Impact to Nutrients of Storing Food
Did you know that the way food is stored changes its nutritional value? That's right. With the exception of fresh produce found in your local farmer's market, virtually all food you consume has been altered from its original state. These alterations may remove some of the beneficial vitamins and nutrients from foods. Learn about nutrient deterioration below.
Even if you purchased fresh locally-grown produce, storing it in your refrigerator changes its nutritional value. Immediately after they are picked, fruits and vegetables start losing some of those vitamins. Cold storage in a fridge will slow the decay of produce like berries, spinach, and potatoes. However, with each passing day, leafy greens like spinach lose essential nutrients like folate and Vitamin C. Keep your fridge below 40 degrees F for best results.
In some cases, frozen fruits or vegetables are more nutritious than fresh produce that has lingered in the fridge for days. Frozen food is typically allowed to fully ripen and then frozen soon after harvesting, retaining much of the vitamins and minerals. In comparison, fresh produce—especially that not grown locally—will have come from far away, often passing its peak stage, then sitting in your local grocery store before it gets to you. On the other hand, the presence of oxygen in bags of frozen food can cause some of the nutrients to deteriorate.
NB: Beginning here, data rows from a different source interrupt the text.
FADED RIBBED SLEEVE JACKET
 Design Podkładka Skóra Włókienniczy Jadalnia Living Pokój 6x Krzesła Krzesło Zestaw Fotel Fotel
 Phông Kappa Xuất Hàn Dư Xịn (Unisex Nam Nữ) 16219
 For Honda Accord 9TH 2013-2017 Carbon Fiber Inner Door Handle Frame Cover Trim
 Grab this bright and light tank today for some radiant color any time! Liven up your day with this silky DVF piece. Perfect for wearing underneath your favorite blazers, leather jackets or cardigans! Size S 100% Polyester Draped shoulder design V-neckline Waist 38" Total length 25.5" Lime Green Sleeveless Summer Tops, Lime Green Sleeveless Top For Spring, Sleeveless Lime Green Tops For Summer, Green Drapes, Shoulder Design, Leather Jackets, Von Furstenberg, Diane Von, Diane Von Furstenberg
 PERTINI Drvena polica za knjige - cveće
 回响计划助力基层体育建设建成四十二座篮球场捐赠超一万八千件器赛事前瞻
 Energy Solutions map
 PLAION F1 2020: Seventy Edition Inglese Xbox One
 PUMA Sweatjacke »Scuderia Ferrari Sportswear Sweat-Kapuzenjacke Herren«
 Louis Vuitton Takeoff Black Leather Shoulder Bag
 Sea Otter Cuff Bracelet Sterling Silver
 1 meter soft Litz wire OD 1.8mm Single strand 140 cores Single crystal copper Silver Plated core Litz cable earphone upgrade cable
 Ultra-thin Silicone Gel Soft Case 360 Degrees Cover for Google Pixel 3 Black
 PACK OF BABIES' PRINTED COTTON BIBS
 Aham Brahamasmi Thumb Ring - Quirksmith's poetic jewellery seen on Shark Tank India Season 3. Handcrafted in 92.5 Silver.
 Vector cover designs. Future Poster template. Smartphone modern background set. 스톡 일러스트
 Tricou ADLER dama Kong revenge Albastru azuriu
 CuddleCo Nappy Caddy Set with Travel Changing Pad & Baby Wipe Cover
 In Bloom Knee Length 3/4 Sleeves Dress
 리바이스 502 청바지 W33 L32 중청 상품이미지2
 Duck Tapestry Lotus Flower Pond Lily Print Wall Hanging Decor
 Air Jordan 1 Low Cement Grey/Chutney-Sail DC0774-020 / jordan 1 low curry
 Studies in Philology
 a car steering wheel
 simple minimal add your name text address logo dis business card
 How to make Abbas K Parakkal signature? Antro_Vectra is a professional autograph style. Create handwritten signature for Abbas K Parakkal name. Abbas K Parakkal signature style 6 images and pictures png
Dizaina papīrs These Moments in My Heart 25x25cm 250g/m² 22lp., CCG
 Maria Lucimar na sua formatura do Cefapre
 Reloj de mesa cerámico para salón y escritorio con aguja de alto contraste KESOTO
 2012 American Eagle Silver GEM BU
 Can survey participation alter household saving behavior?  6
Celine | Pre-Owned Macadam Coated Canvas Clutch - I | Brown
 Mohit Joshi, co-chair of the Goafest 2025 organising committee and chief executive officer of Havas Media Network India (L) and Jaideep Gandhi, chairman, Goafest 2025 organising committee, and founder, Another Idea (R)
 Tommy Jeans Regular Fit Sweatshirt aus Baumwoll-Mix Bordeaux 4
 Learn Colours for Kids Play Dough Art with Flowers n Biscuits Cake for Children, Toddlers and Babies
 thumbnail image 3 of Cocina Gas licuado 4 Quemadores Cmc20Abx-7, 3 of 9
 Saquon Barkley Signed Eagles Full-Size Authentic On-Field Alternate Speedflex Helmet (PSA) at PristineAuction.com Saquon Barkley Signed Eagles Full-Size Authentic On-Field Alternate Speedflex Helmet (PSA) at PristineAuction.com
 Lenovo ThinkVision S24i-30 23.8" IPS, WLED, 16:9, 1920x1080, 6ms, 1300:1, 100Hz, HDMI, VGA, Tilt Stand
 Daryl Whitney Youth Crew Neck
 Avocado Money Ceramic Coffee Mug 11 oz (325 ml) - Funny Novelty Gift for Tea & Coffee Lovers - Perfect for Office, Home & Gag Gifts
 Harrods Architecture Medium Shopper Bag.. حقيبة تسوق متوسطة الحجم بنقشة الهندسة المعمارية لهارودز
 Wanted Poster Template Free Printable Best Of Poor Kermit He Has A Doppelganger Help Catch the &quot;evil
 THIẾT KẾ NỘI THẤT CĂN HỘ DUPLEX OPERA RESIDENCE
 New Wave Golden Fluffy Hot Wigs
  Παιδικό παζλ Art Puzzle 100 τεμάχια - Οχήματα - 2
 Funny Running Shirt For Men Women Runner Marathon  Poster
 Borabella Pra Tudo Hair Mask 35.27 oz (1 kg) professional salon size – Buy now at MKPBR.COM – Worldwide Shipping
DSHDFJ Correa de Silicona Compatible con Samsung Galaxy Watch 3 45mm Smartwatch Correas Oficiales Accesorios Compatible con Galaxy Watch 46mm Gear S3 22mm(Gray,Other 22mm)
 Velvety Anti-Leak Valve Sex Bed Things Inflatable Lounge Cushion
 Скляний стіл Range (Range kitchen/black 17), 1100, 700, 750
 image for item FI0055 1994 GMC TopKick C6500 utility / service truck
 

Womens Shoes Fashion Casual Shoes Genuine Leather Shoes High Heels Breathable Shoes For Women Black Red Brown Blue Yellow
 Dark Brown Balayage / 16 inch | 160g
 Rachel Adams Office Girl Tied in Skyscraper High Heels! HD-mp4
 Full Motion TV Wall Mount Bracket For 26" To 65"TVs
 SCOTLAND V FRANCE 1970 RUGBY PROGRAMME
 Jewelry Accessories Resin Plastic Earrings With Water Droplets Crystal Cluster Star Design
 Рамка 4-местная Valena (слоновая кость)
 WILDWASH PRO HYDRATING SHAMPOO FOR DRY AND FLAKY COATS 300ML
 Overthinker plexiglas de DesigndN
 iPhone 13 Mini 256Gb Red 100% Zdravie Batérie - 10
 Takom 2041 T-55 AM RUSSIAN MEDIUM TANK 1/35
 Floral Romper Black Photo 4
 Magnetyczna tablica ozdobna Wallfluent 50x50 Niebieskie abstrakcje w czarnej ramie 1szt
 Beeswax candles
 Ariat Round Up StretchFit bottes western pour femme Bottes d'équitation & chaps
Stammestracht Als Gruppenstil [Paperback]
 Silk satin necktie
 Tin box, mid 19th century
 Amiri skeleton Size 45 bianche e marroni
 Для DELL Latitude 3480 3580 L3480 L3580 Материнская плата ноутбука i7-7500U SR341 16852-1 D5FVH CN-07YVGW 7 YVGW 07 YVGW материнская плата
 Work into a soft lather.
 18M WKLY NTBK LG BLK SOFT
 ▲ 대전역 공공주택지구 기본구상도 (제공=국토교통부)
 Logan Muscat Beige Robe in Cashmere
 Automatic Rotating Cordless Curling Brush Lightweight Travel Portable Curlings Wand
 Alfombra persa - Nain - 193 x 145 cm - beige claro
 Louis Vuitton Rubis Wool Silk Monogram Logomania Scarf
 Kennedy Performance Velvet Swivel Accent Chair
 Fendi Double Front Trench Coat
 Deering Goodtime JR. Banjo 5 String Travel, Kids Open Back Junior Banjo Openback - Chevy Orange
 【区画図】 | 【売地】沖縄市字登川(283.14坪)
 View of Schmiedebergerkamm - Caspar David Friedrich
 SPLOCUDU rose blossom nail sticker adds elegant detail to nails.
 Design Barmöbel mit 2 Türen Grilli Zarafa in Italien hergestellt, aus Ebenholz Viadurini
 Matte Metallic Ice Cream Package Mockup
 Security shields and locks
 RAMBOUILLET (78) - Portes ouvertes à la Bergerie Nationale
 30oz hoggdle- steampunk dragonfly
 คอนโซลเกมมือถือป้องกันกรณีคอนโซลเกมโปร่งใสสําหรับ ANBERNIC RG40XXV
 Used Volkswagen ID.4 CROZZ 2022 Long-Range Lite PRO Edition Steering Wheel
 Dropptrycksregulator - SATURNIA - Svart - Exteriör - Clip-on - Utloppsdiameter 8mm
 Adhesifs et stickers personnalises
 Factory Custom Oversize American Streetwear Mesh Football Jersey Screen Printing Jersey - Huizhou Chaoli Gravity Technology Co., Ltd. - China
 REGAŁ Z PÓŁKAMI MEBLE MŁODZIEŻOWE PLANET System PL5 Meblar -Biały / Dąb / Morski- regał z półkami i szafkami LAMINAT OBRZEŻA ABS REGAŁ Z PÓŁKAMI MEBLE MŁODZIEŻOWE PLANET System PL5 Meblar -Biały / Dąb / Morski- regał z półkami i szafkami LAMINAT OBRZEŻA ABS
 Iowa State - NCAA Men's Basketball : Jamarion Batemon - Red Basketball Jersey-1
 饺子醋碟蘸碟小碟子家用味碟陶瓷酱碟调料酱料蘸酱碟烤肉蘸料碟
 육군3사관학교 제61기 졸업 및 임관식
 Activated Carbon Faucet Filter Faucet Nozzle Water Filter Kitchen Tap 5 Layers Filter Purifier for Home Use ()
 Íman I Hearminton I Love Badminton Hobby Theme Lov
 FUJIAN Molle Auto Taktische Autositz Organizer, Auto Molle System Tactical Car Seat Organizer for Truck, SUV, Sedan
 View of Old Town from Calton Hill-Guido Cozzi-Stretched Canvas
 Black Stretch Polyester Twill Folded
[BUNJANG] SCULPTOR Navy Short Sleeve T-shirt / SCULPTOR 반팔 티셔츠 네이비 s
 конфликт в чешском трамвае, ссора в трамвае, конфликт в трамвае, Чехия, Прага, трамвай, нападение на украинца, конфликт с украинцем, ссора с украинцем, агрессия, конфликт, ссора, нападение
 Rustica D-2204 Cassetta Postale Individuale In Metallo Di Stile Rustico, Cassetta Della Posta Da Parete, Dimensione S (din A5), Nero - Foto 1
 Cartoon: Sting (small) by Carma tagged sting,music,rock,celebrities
Canning involves exposing foods to pressure, chemical additives, and heat. The initial encounter with heat makes the food lose nutritional value, but since cans don't have oxygen, the nutrients tend to stay where they are until the can is opened. The cooking process, however, causes further nutrient deterioration.
Although dried foods last longer, the process of dehydration removes a great deal of the vitamins, minerals, and antioxidants. On the flip side, drying foods can concentrate the fiber in plant foods making them even healthier in that regard.